慶応4年(9月8日に明治元年に改元)4月下旬から閏4月上旬のどこかで、遷都しなくても衰退の心配がない浪華(大坂)よりも、世界の大都市の一つであり、帝都にしなければ市民が離散してさびれてしまうかも知れない、そんな江戸に遷都すべきだとする前島の意見書が大久保利通に届けられた。4月11日には江戸城が無血で開城されるなど、注目が大坂から江戸に移っていった頃の出来事である。
それでは、前島はなぜ大坂ではなく、江戸を推したのだろうか。前島は多角的にその理由を述べており、説得力が半端ではない。前島の建白書によると、大坂は既に商都として成熟しており、遷都する必要性はないが、一方で人口の増えた江戸の経済規模を維持するためには、遷都が必要であると主張する。そして、東国の鎮撫や蝦夷開発の拠点として重要であり、北海道を含めた場合、日本の中心地としては東国が適していると説明する。また、政府・教育機関の建設に大名屋敷の跡地が利用でき、大坂では既に土地が足りないことなどを挙げている。
前島の凄さは、そこに秘められた近代的ビジョンにある。この点を確認していこう。今後の海外との交流・貿易を考えた場合、港湾とドックが整備されることは必須の条件であると考え、この点を重視している。また、都市計画の視点を持っており、将来の道路整備と市街の拡大を意識し、かつ当時主流であった水上輸送に加えて、陸上運輸の重要性を考慮している。さらに、帝都としての都市景観が重要な要素であると認識していることなど、どれも開明的であるのだ。

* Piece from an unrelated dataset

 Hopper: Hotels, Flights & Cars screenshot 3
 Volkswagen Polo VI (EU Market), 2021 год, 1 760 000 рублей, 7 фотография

前島は、帝都に必要な諸施設は大坂よりも江戸の方が充実しているとし、急いで新築する必要がないという、国家の財政事情にも意を用いた柔軟性も持っていた。加えて、最高教育施設としての大学設置を、本気で考えていたことも見逃せない。江戸は世界に誇れる大都市であるとの認識に立って、その歴史的都市の保存・存続を訴えていることも注目に値しよう。前島密、まさに恐るべしである。